Overall determination on the legal framework: In Place But Needs Improvement
Kenya’s domestic legislative framework is in place and contains many of the key aspects of CRS and its Commentary requiring Reporting Financial Institutions to conduct the due diligence and reporting procedures, but it needs improvement in relation to the due diligence procedures that must be applied to Financial Accounts (SR 1.2) and the framework to enforce the requirements (SR 1.4). More specifically, Kenya’s domestic legislative framework does not define the term Controlling Persons in accordance with the requirements, its approach with respect to Participating Jurisdictions is not in line with the AEOI Standard and there is a deficiency in Kenya’s enforcement framework.
SR 1.1 Jurisdictions should define the scope of Reporting Financial Institutions consistently with the CRS.
Kenya has defined the scope of Reporting Financial Institutions in its domestic legislative framework in accordance with the CRS and its Commentary.
Recommendations:
No recommendations made.
SR 1.2 Jurisdictions should define the scope of Financial Accounts and Reportable Accounts consistently with the CRS and incorporate the due diligence procedures to identify them.

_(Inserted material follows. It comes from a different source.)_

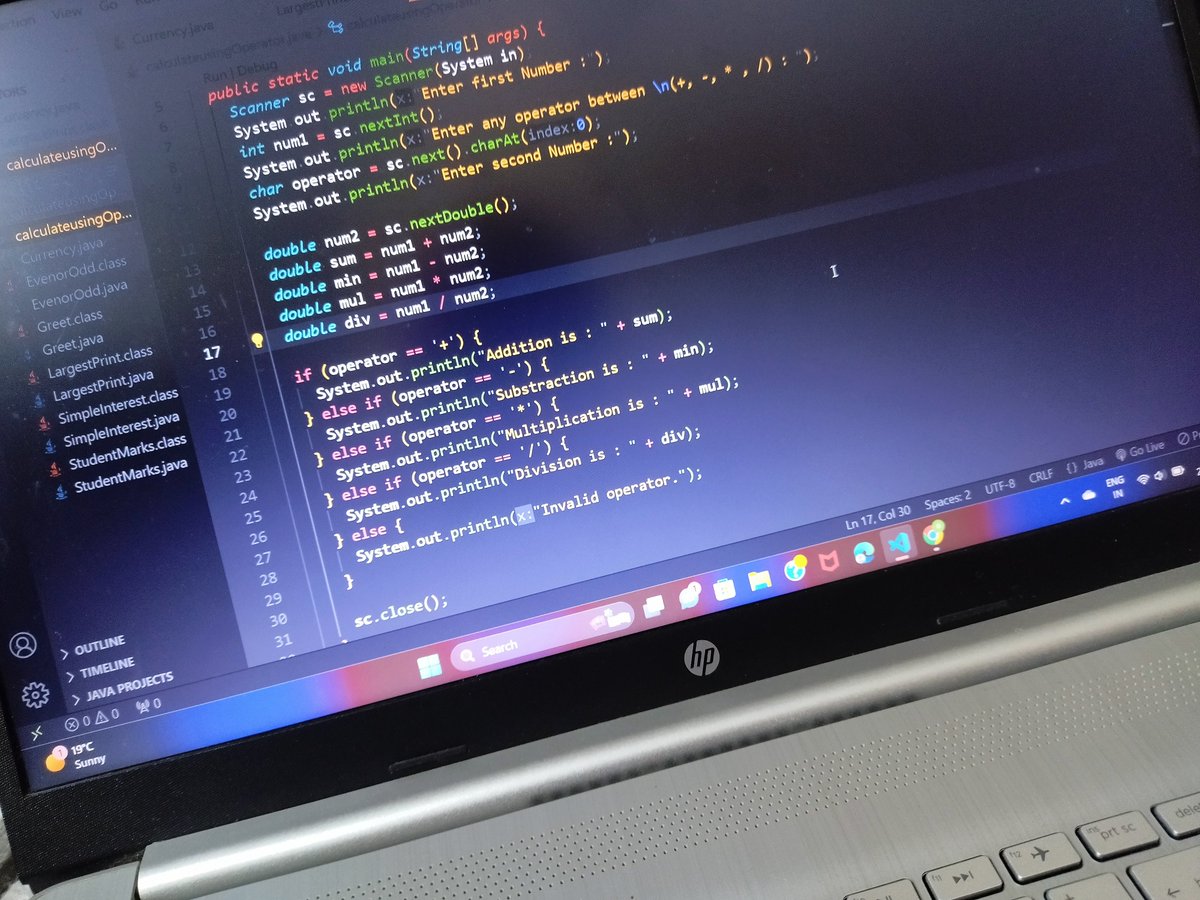 ShrutiG234's tweet image. #HappyCoding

Kenya has defined the scope of the Financial Accounts that are required to be reported in its domestic legislative framework and has incorporated the due diligence procedures that must be applied to identify them in a manner that is largely consistent with the CRS and its Commentary. However, deficiencies have been identified. More specifically, Kenya’s legislative framework does not define Controlling Persons in accordance with the requirements and its approach with respect to Participating Jurisdictions is not in line with the AEOI Standard.
Recommendation:
Kenya should amend its domestic legislative framework to ensure that “Controlling Person” is defined in accordance with the AEOI Standard, in particular to ensure that the controlling interest threshold for legal entities is not greater than the threshold provided under the AML framework.
Kenya should amend its domestic legislative framework to ensure that the approach taken with respect to the 22 jurisdictions defined as Participating Jurisdictions and with which Kenya does not have an agreement to exchange CRS information with (one of which has not implemented the AEOI Standard), is in accordance with the AEOI Standard
SR 1.3 Jurisdictions should incorporate the reporting requirements contained in Section I of the CRS into their domestic legislative framework.

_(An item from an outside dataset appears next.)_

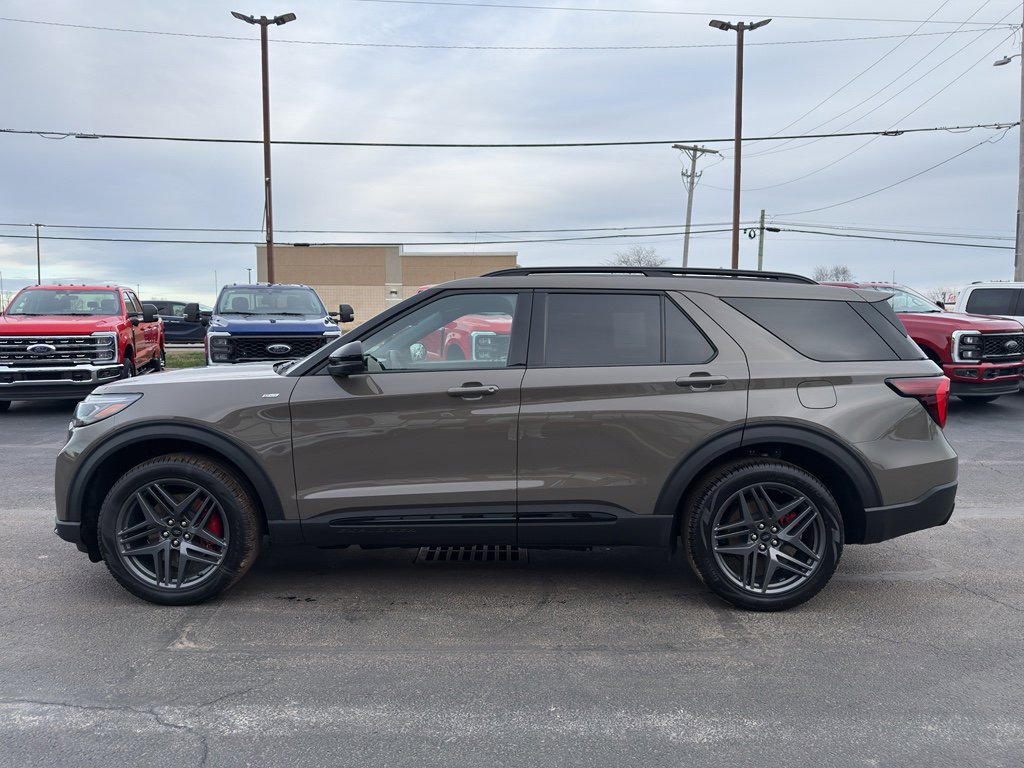 New 2026 Ford Explorer ST-Line w/ ST-Line Street Pack image 5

Kenya has incorporated the reporting requirements in its domestic legislative framework in accordance with the CRS and its Commentary.
Recommendations:
No recommendations made.
SR 1.4 Jurisdictions should have a legislative framework in place that allows for the enforcement of the requirements of the CRS in practice.
Kenya has a legislative framework in place to enforce the requirements in a manner that is largely consistent with the CRS and its Commentary. However, a deficiency has been identified. More specifically, Kenya’s legislative framework does not impose sanctions on Account Holders and Controlling Persons for the provision of a false self-certification. This is a key element of the required enforcement framework and is therefore material to the proper functioning of the AEOI Standard
Recommendations:
Kenya should amend its domestic legislative framework to include sanctions on Account Holders and Controlling Persons for the provision of a false self-certification.